By Tamara Lucas Copeland
President, Washington Regional Association of Grantmakers
It was a bittersweet moment last week when I attended my last WRAG Annual Meeting. It has been twelve years since I joined the WRAG team. One of my most valuable lessons during this time has been the importance of using my voice and recognizing the incredible platform that WRAG offers.
So, for one more time, I used my voice and that platform to urge the WRAG membership to focus on four areas:
- Seeing the 5% IRS nonprofit payout requirement as a minimum, not a maximum. I asked whether foundations make conscious decisions about the 5% floor, or whether, like many of us, they were simply acting on automatic. Then I asked that they think more about their other 95% of assets and consider impact investing, thereby increasing their ability to be change agents.

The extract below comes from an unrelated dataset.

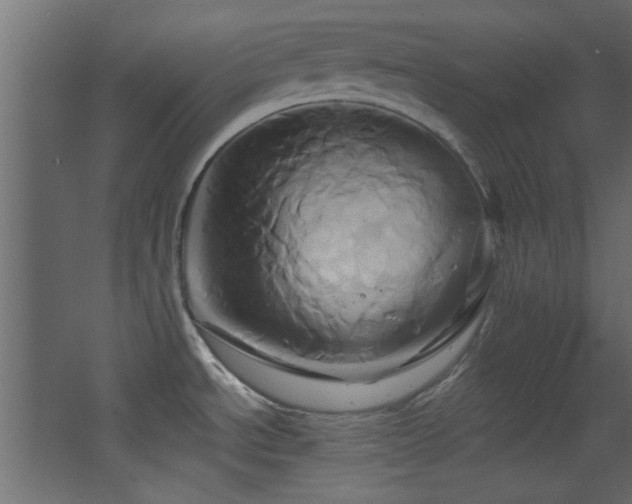 X0000068321534200604211152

- Child welfare – One of my earliest professional positions was as a foster care caseworker. That position opened my eyes to so much that is needed to change in the child welfare system. Many years later, I fear that change is still needed. When these children are taken from dangerous situations and placed in foster care, there is then a societal belief, I think, that the situation is now righted and no intervention is needed. Just being in a non-violent environment does not necessarily mean that the child is being nurtured. We need to place child welfare back on our priority list.
- I urged the WRAG membership to see affordable housing as more than rental units. Certainly they are needed. I want us to think about the need for affordable for-sale housing to people across multiple income brackets. I asked the WRAG community to see this as a Big Hairy Audacious Goal and one that they have the ability to tackle.
- Race and racism – I urged our members to keep racism on the table. Issues often become labeled the “flavor of the month,” something to be focused on for a minute and then quickly forgotten for the next important issue. As I shared at our Annual Meeting, 335 years have passed between 1619, when Africans were brought to Jamestown in chains, to 1954, the year of the Brown vs. Board of Education decision. Then roughly another 65 years of silence. We have to peel back the onion of racism, understand the roots of structural racism and bias, and work toward racial justice. This is the work of our lifetimes.
My hope for the WRAG community is that they fully embrace their ability to be change agents, that they stop to look at what they’ve always done and consider if they always have to do it that way, and that they continue to be bold and fearless.